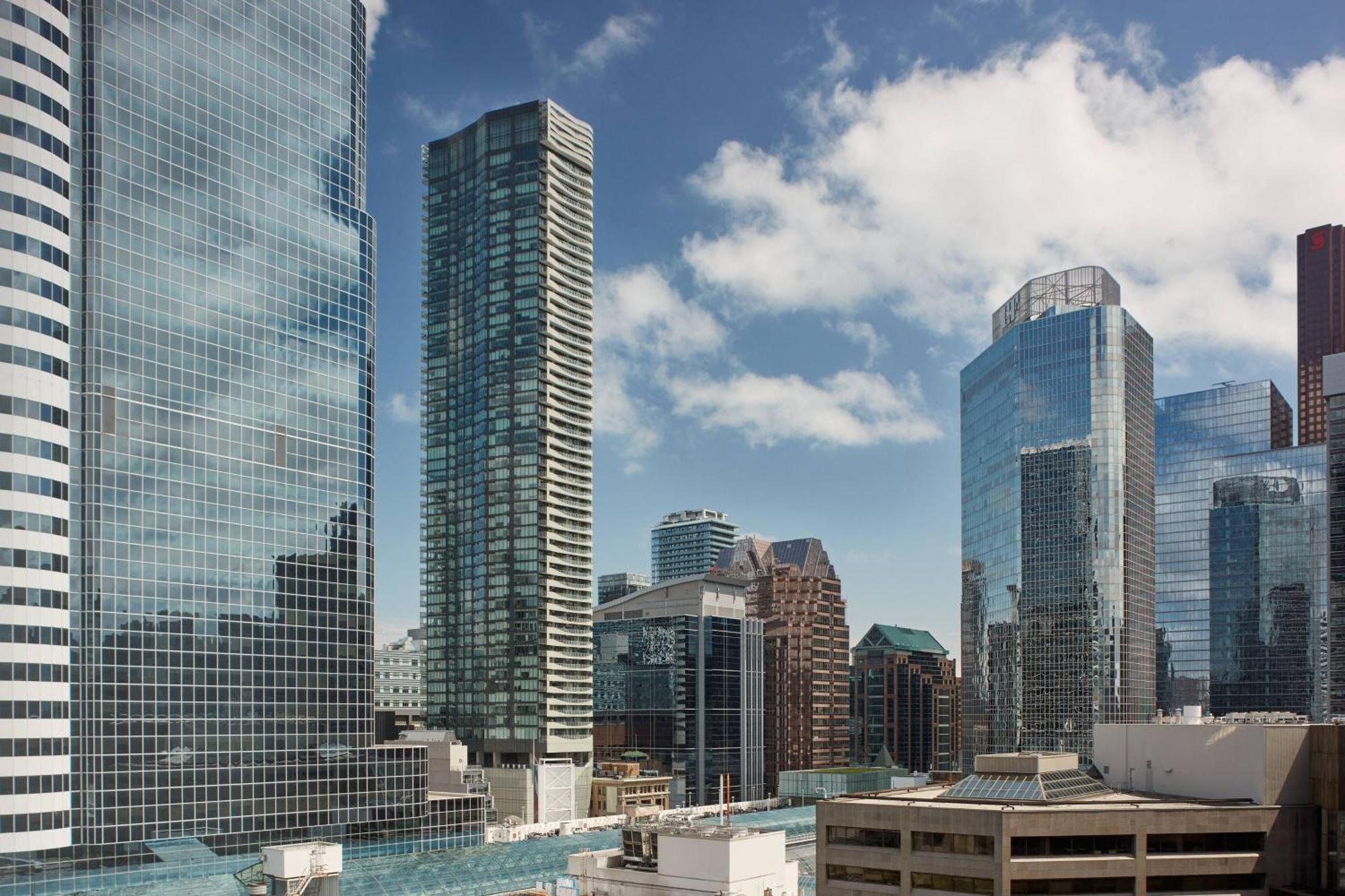 Отель Marriott Downtown At Cf Toronto Eaton Centre Экстерьер фото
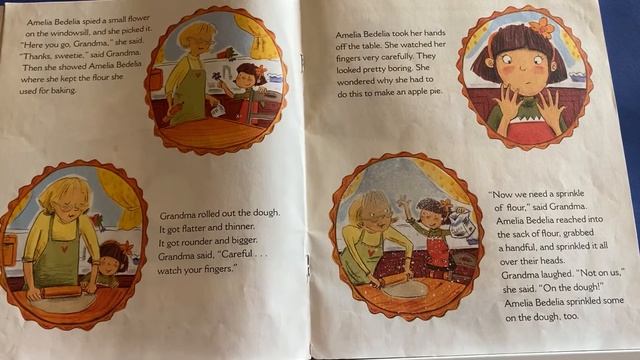 Amelia Bedelia’s First Apple Pie смотреть онлайн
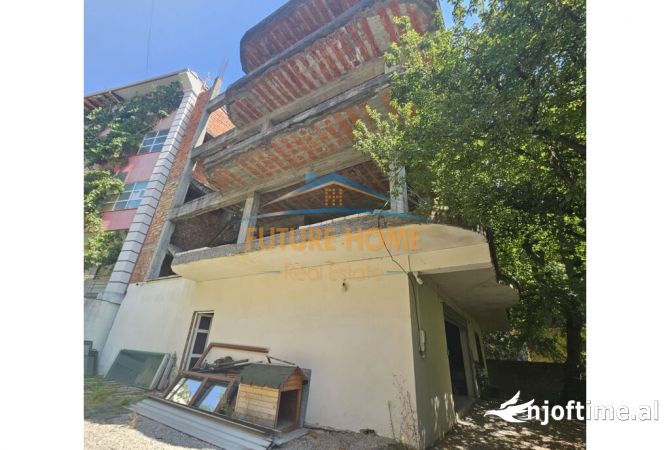 Casa in vendita 7+1 a Tirana - 530,000 Euro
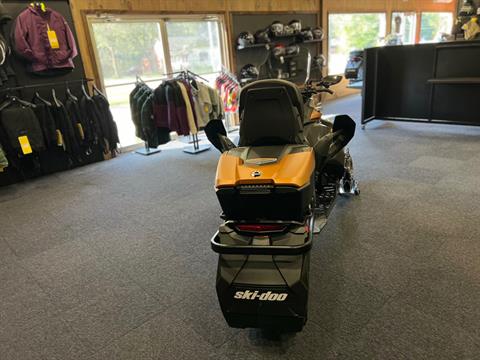 2025 Ski-Doo Grand Touring LE w/ Platinum Package 900 ACE Turbo R ES Silent Ice Track II 1.25 w/ 10.25 in. Touchscreen in Epsom, New Hampshire - Photo 3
::::::::
■ **What the task asks**:
All of the data, minus its pictures, should be repeated exactly.

■ **Response to this exercise**:
 Отель Marriott Downtown At Cf Toronto Eaton Centre Экстерьер фото
 Amelia Bedelia’s First Apple Pie смотреть онлайн
 Casa in vendita 7+1 a Tirana - 530,000 Euro
 2025 Ski-Doo Grand Touring LE w/ Platinum Package 900 ACE Turbo R ES Silent Ice Track II 1.25 w/ 10.25 in. Touchscreen in Epsom, New Hampshire - Photo 3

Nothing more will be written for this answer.